— TASK DETAILS —
Review the material line by line. Identify and copy every line that contains the string "pero".

— MATERIAL PROVIDED —
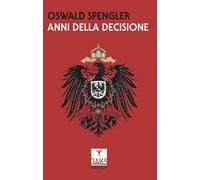 Anni della decisione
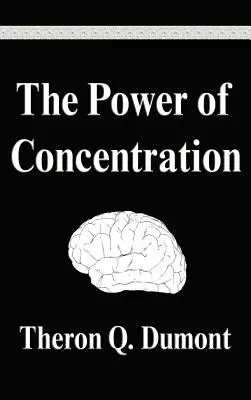 Sila koncentrácie - The Power of Concentration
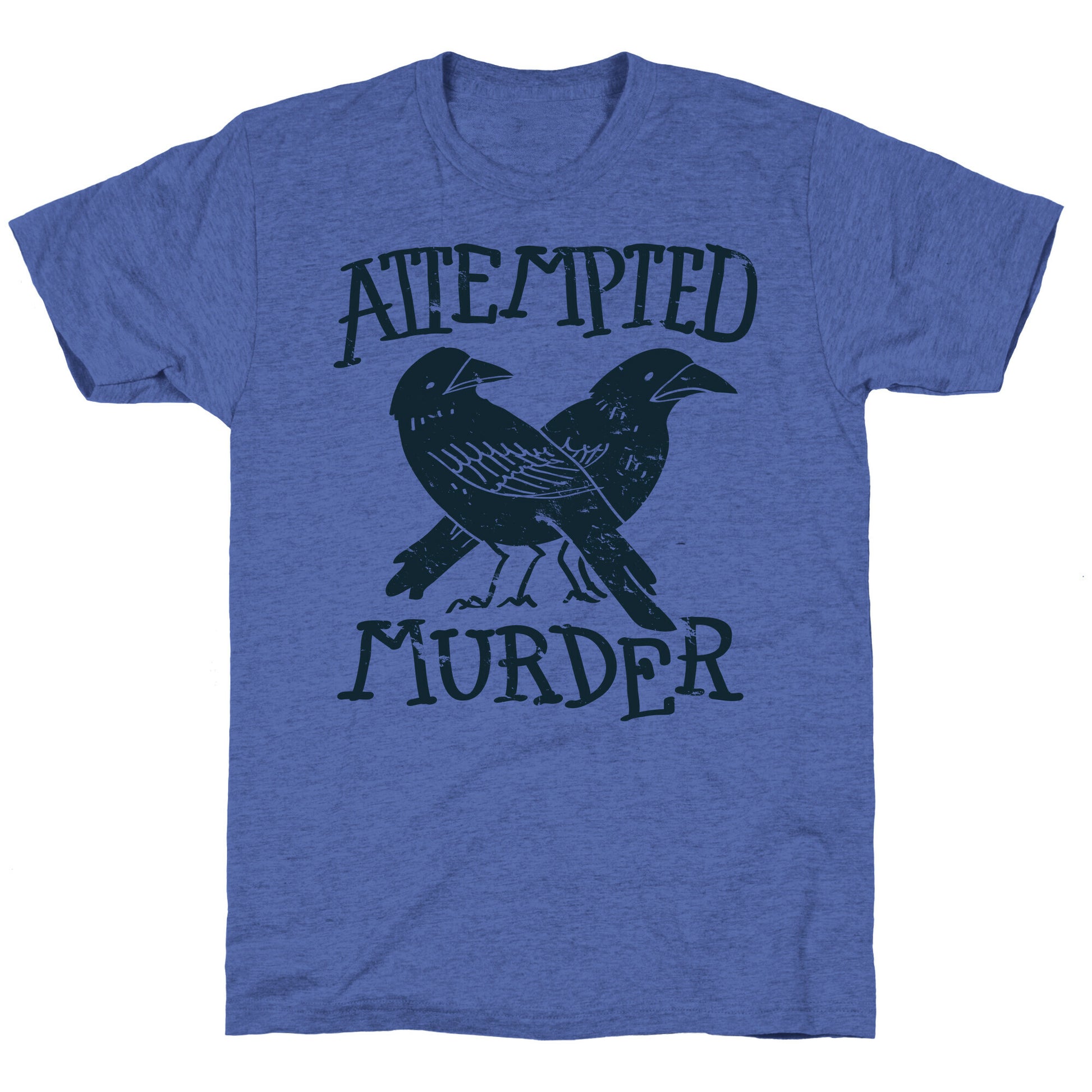 Attempted Murder Unisex Triblend Tee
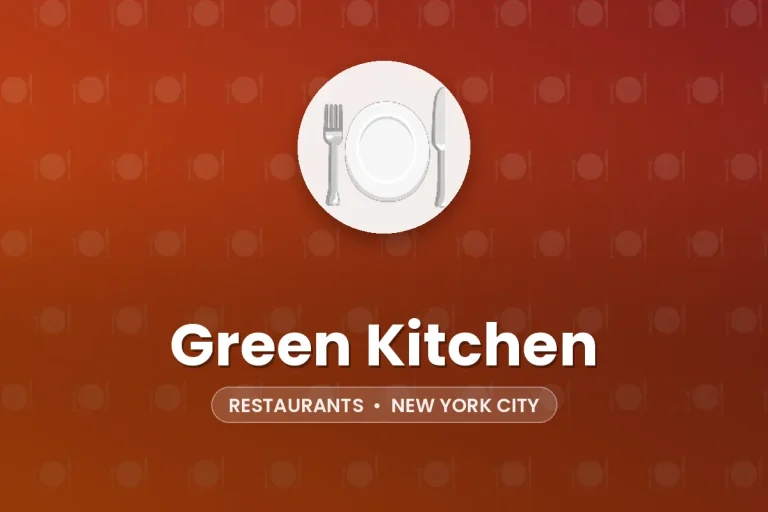 Green Kitchen – New York City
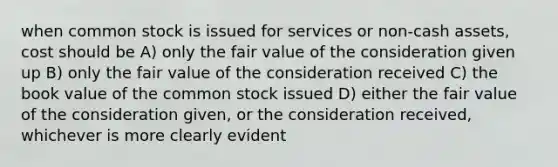 when common stock is issued for services or non-cash assets, cost should be A) only the fair value of the consideration given up B) only the fair value of the consideration received C) the book value of the common stock issued D) either the fair value of the consideration given, or the consideration received, whichever is more clearly evident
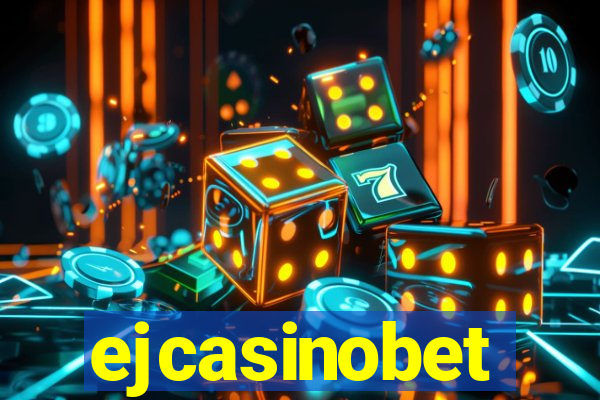 ejcasinobet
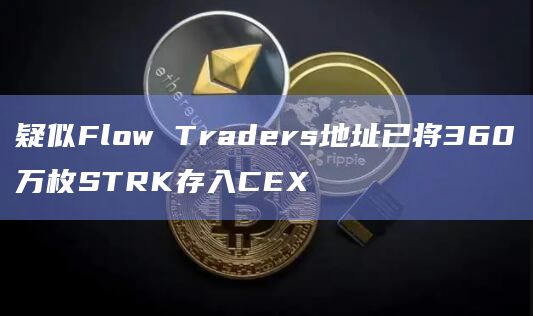 疑似Flow Traders地址已将360万枚STRK存入CEX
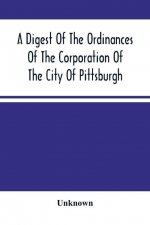 Digest Of The Ordinances Of The Corporation Of The City Of Pittsburgh
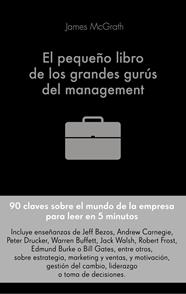 PEQUEÑO LIBRO DE LOS GRANDES GURÚS DEL MANAGEMENT, EL | 9788416928491 | MCGRATH, JIM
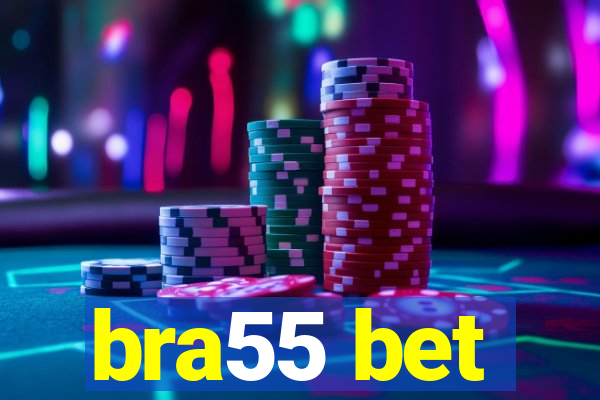 bra55 bet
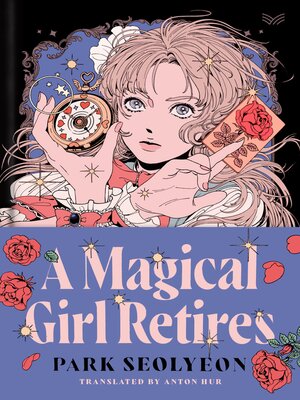 cover image of A Magical Girl Retires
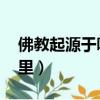 佛教起源于哪里 發揚于哪里（佛教起源于哪里）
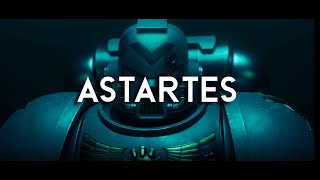 Astartes Trailer [upl. by Laikeze]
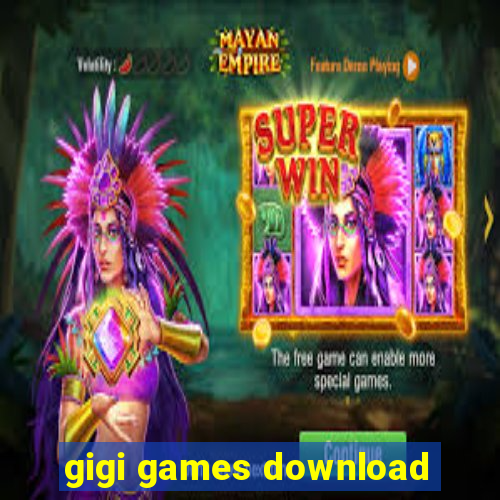 gigi games download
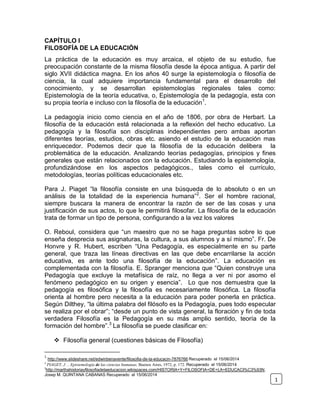 CAPÍTULO I
FILOSOFÍA DE LA EDUCACIÓN
La práctica de la educación es muy arcaica, el objeto de su estudio, fue
preocupación constante de la misma filosofía desde la época antigua. A partir del
siglo XVII didáctica magna. En los años 40 surge la epistemología o filosofía de
ciencia, la cual adquiere importancia fundamental para el desarrollo del
conocimiento, y se desarrollan epistemologías regionales tales como:
Epistemología de la teoría educativa, o, Epistemología de la pedagogía, esta con
su propia teoría e incluso con la filosofía de la educación1
.
La pedagogía inicio como ciencia en el año de 1806, por obra de Herbart. La
filosofía de la educación está relacionada a la reflexión del hecho educativo. La
pedagogía y la filosofía son disciplinas independientes pero ambas aportan
diferentes teorías, estudios, obras etc. asiendo el estudio de la educación mas
enriquecedor. Podemos decir que la filosofía de la educación delibera la
problemática de la educación. Analizando teorías pedagogías, principios y fines
generales que están relacionados con la educación. Estudiando la epistemología,
profundizándose en los aspectos pedagógicos., tales como el currículo,
metodologías, teorías políticas educacionales etc.
Para J. Piaget “la filosofía consiste en una búsqueda de lo absoluto o en un
análisis de la totalidad de la experiencia humana”2
. Ser el hombre racional,
siempre buscara la manera de encontrar la razón de ser de las cosas y una
justificación de sus actos, lo que le permitirá filosofar. La filosofía de la educación
trata de formar un tipo de persona, configurando a la vez los valores
O. Reboul, considera que “un maestro que no se haga preguntas sobre lo que
enseña desprecia sus asignaturas, la cultura, a sus alumnos y a sí mismo”. Fr. De
Honvre y R. Hubert, escriben “Una Pedagogía, es especialmente en su parte
general, que traza las líneas directivas en las que debe encarrilarse la acción
educativa, es ante todo una filosofía de la educación”. La educación es
complementada con la filosofía. E. Spranger menciona que “Quien construye una
Pedagogía que excluye la metafísica de raíz, no llega a ver ni por asomo el
fenómeno pedagógico en su origen y esencia”. Lo que nos demuestra que la
pedagogía es filosófica y la filosofía es necesariamente filosófica. La filosofía
orienta al hombre pero necesita a la educación para poder ponerla en práctica.
Según Dilthey, “la última palabra del filósofo es la Pedagogía, pues todo especular
se realiza por el obrar”; “desde un punto de vista general, la floración y fin de toda
verdadera Filosofía es la Pedagogía en su más amplio sentido, teoría de la
formación del hombre”.3
La filosofía se puede clasificar en:
 Filosofía general (cuestiones básicas de Filosofía)
1
http://www.slideshare.net/edwinbenavente/filosofia-de-la-educacin-7876766 Recuperado el 15/06/2014
2
PIAGET, J . , Epistemología de las ciencias humanas, Buenos Aires, 1972, p. 172. Recuperado el 15/06/2014
3
http://marthahistoriayfilosofiadelaeducacion.wikispaces.com/HISTORIA+Y+FILOSOFIA+DE+LA+EDUCACI%C3%93N.
Josep M. QUINTANA CABANAS Recuperado el 15/06/2014
1
 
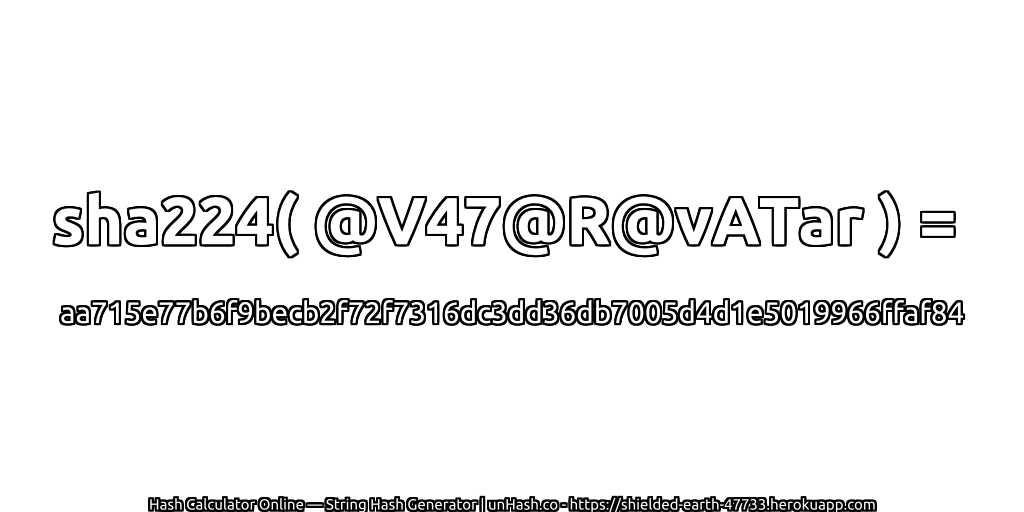 sha224( @V47@R@vATar ) = aa715e77b6f9becb2f72f7316dc3dd36db7005d4d1e5019966ffaf84 | unHash.co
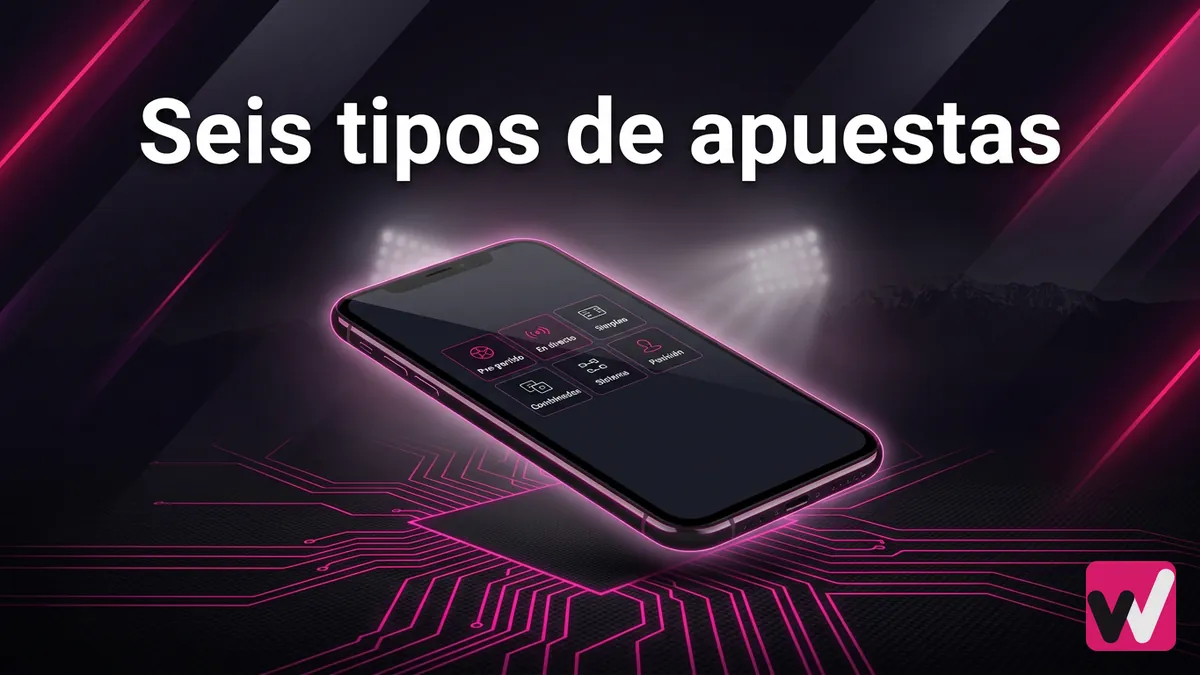 Wanabet: pantalla con los seis tipos de apuestas deportivas disponibles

— EXERCISE SOLUTION —
pedagogía y la filosofía son disciplinas independientes pero ambas aportan
orienta al hombre pero necesita a la educación para poder ponerla en práctica.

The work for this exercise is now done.